Perovskites are semiconductors with a special crustal structure that makes them well suited for solar cell technology. They can be manufactured at room temperature using much less energy than silicon, which makes them cheaper and more sustainable to produce. Where silicon is stiff and opaque, perovskites can be made flexible and transparent, extending their range of applications beyond what had been previously possible.
A highly stable perovskite solar cell under magnification during an accelerated aging process that helps researchers forecast the extended lifetimes of advanced designs. Courtesy of Bumper DeJesus.
A highly stable perovskite solar cell under magnification during an accelerated aging process. The process, which researchers developed with a perovskite cell, helps forecast the extended lifetimes of advanced perovskite designs. Courtesy of Bumper DeJesus.

Unlike silicon, however, perovskites are notoriously fragile. Early perovskite solar cells (PSC), created between 2009 and 2012, lasted only minutes. The projected lifetime of the new device represents a fivefold increase over the previous record, set by a lower efficiency PSC in 2017. That device operated under continuous illumination at room temperature for one year. The new device is capable of lasting for five years under similar lab conditions.

According to engineering professor Lynn Loo, the record-setting design highlighted the durable potential of PSCs, especially as a way to push solar cell technology beyond the limits of silicon. But she also indicated the deeper significance of the work as being their new accelerated aging technique.

“We might have the record today,” Loo said. “But someone else is going to come along with a better record tomorrow. The really exciting thing is that we now have a way to test these devices and know how they will perform in the long term.”

Due to the relatively ephemeral nature of perovskite solar cells, long-term testing hasn’t been much of a concern until now.
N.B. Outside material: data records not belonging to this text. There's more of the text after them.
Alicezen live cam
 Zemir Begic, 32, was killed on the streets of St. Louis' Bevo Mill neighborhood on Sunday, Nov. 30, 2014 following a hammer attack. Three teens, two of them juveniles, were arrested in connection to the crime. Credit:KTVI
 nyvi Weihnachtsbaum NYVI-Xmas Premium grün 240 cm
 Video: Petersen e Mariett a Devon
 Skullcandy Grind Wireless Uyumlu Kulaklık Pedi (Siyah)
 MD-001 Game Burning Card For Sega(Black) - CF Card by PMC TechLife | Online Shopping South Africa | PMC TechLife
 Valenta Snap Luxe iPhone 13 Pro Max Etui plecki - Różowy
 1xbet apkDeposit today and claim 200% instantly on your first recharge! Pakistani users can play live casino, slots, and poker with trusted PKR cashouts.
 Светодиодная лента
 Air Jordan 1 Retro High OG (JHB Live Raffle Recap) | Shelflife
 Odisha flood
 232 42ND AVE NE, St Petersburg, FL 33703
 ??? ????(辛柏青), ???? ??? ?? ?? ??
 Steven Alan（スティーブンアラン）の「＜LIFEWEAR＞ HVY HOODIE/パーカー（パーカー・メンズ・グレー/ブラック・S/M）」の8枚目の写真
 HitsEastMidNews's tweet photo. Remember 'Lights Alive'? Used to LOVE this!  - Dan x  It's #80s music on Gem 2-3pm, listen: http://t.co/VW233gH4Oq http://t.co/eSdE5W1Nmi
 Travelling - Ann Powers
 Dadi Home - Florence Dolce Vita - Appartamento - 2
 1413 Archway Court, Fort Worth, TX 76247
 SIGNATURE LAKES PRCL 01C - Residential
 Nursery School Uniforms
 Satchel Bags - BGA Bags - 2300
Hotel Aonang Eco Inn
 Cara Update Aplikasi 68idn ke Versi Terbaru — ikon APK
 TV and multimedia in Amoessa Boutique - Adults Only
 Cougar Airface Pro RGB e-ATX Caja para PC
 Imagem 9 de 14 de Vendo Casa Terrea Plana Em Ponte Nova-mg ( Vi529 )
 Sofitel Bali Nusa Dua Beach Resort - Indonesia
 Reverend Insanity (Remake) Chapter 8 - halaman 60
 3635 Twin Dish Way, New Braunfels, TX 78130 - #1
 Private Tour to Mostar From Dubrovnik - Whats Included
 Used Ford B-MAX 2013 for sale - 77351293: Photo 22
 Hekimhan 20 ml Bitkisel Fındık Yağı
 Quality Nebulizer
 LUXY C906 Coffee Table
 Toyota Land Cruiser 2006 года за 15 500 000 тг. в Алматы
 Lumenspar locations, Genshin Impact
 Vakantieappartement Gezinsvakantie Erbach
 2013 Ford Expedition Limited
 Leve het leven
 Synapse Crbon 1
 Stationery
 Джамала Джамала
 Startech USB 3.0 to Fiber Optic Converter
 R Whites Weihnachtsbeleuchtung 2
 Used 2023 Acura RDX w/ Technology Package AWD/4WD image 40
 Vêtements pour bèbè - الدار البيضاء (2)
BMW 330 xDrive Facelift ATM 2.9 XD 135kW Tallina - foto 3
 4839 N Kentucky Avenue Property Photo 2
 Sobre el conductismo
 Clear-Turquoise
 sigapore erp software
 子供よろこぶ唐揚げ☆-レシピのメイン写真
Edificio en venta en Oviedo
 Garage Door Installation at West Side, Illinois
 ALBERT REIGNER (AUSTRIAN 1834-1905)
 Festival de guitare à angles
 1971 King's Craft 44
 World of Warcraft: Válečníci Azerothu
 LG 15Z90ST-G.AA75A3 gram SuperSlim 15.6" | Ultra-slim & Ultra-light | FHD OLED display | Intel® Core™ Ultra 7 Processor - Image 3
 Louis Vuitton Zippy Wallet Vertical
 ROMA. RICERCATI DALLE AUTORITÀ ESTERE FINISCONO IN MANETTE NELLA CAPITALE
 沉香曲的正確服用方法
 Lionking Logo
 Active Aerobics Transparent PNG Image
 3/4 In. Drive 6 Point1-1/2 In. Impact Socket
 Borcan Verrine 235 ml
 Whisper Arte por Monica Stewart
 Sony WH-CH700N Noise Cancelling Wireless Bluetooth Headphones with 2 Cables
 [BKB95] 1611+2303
But as the devices get better and last longer, testing one design against another will gain importance in pursuit of rolling out durable, consumer-friendly technologies.

“This paper is likely going to be a prototype for anyone looking to analyze performance at the intersection of efficiency and stability,” said Joseph Berry, a senior fellow at the National Renewable Energy Laboratory who specializes in the physics of solar cells and who was not involved in the study. “By producing a prototype to study stability and showing what can be extrapolated [through accelerated testing], it’s doing the work everyone wants to see before we start field testing at scale.” 

While efficiency has accelerated at a remarkable pace over the past decade, Berry said, the stability of these devices has improved more slowly. For them to become widespread and rolled out by industry, testing will need to become more sophisticated.  

“These kinds of tests are going to be increasingly important,” Loo said. “You can make the most efficient solar cells, but it won’t matter if they aren’t stable.”

A testing method developed by the Princeton team speeds up the aging process by illuminating the device while blasting it with heat. This process accelerates what would happen naturally over years of real-time exposure. The researchers chose four aging temperatures and measured results across these four different data streams, from the baseline temperature of a typical summer day to an extreme of 230 °F. They then extrapolated from the combined data and forecast the device’s performance at room temperature over tens of thousands of hours of continuous illumination.

Results showed a device that would perform above 80% of its peak efficiency under continuous illumination for at least five years at an average temperature of 95 °F. Using standard conversion metrics, Loo said the value is the laboratory equivalent of 30 years of outdoor operation in an area like Princeton, N.J.

“It’s very credible,” Berry said. “Some people are still going to want to see it play out. But this is much more credible science than a lot of other attempts at forecasting.”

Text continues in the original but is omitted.